Persona 5: The Phantom X Gacha System Explained: Banners, Currency & Pity
What the Contract system actually guarantees, in plain numbers.
Persona 5: The Phantom X's gacha, called the "Contract" system, splits into four banner types (Tutorial, Newcomer, Rate-up, Event) funded by Meta Jewel and two ticket currencies. The good news: pity is generous — a 4-star every 10 pulls, and a 5-star all but guaranteed by pull 80, with the specific rate-up unit locked in by pull 160. The often-quoted 0.8% base rate is a single-source estimate, not confirmed — pity, not raw odds, is what you should actually plan around.
Persona 5: The Phantom X calls its gacha system the "Contract" — pull for Personas by signing a contract, a nod to the series' demon-summoning theme.
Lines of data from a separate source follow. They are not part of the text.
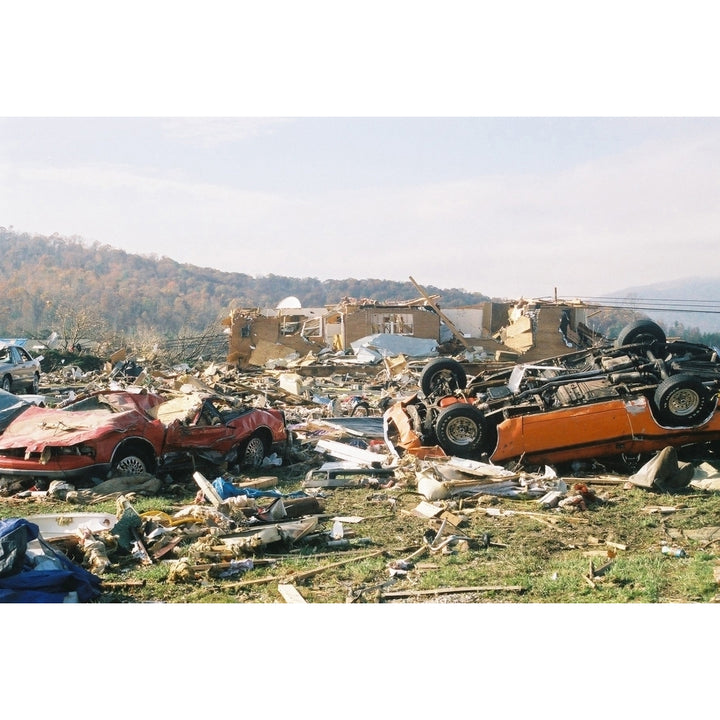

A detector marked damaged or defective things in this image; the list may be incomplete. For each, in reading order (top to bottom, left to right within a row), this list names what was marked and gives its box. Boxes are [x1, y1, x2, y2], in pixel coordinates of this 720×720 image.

crushed vehicle [0, 344, 41, 394]
damaged red car [0, 390, 288, 486]
crushed vehicle [0, 390, 290, 486]
crushed vehicle [386, 320, 720, 466]
overturned orange car [386, 322, 720, 470]
damaged red car [386, 322, 720, 472]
Underneath the flavor text, it works like any modern gacha: spend currency, get a randomized pull, hope for a 5-star Persona. There are four contract types on the banner screen: Tutorial, Newcomer, Rate-up, and Event.
Tutorial and Newcomer contracts exist to soften your early game — cheap, odds-boosted pulls meant for brand-new accounts, and each is one-time only. Rate-up contracts are the standard "current banner" pulls, where one specific limited 5-star Persona gets a boosted chance to appear. Event contracts run alongside limited-time in-game events and often use a separate ticket currency instead of premium jewels. You'll also sometimes see pulls grouped under a "General" label — that's not a fifth banner, just shorthand for the standing pool of already-released Personas outside whichever unit is currently on Rate-up, which is why Gold Ticket eligibility below lists "Newcomer/General" together.
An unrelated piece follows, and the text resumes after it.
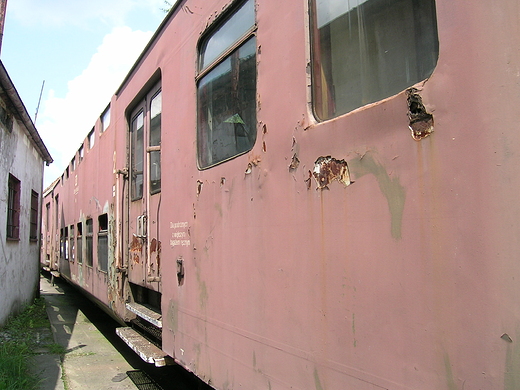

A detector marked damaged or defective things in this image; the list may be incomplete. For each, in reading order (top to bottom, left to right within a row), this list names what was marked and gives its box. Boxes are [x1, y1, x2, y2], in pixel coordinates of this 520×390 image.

New to the game? Prioritize your one-time Tutorial and Newcomer pulls before spending anything on a Rate-up contract — they're cheaper and better-odds by design, and skipping straight to Rate-up leaves that early value on the table.
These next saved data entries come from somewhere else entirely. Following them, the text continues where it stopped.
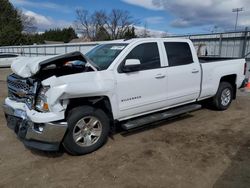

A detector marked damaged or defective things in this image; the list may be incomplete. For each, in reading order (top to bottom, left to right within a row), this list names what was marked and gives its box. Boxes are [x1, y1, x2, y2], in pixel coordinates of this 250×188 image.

crumpled hood [10, 55, 57, 78]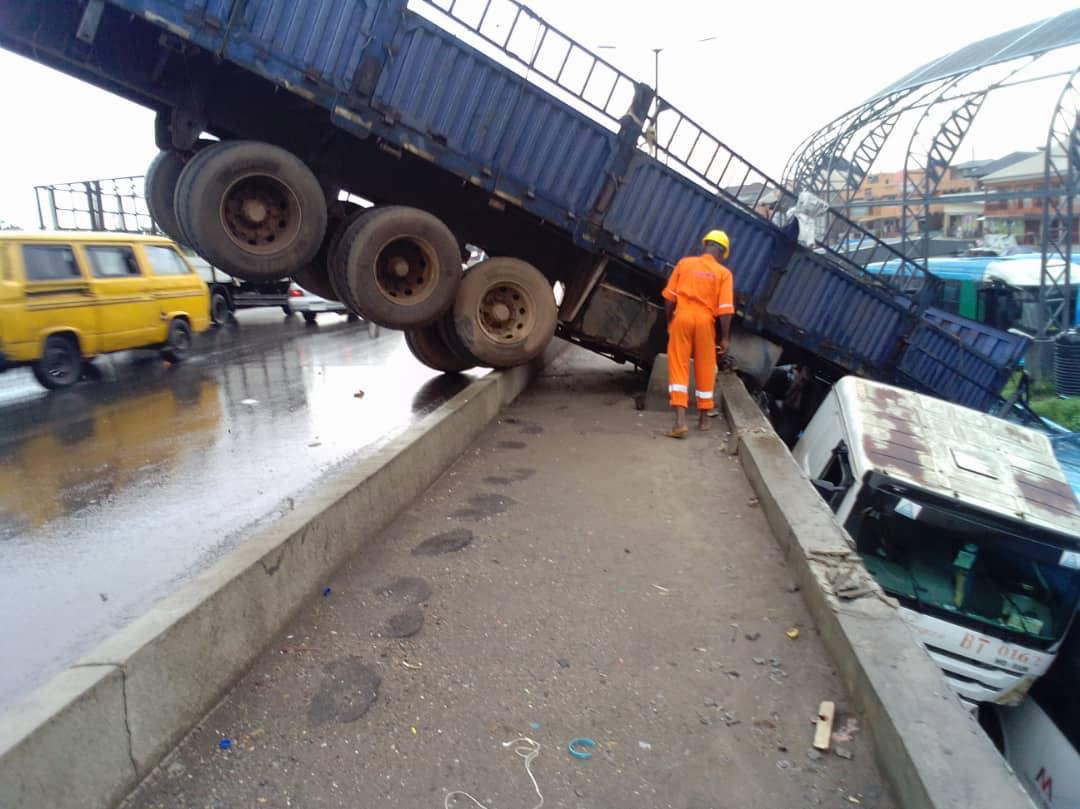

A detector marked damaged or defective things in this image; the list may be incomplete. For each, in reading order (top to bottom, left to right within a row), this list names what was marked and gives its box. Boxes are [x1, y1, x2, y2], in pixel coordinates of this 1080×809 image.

rusty wheel rim [221, 172, 302, 252]
rusty wheel rim [373, 238, 436, 306]
rusty wheel rim [477, 280, 535, 343]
Three currencies feed the Contract system, and mixing them up is an easy way to waste pulls. Meta Jewel is the premium currency — earned slowly through free play or bought with real money — and it's the only one that works across every banner type. Gold Ticket is a lower-tier currency tied to Newcomer and General contracts (General here just meaning the standing pool of already-released Personas, not a separate banner tab). Platinum Ticket is reserved for Event contracts and usually comes from event tasks or login rewards.
Each pull costs 150 Meta Jewel, and most contracts sell a 10-pull bundle at the same per-pull rate, which locks in the 4-star pity described below. Free jewel trickles in from story chapters and daily goals, and — reliably — from redeem codes, which is the fastest way to stretch a pull budget without spending real money.
Pity is the safety net that stops bad luck from running forever, and P5X's version is generous by genre standards. Every 10 pulls on a contract guarantees at least one 4-star Persona, if you haven't already gotten one — you will never go a full 10-pull stretch without a 4-star or better.
For 5-stars, two pity counters run at once. Soft pity sits around pull 80: by then the game has nudged your odds up enough that a 5-star is all but guaranteed, though it may be a standard unit rather than the featured rate-up one. Hard pity for the specific limited rate-up 5-star sits at 160 pulls, structured as two 80-pull segments — so a "lost" coin flip at your first soft pity still guarantees the rate-up unit by your second.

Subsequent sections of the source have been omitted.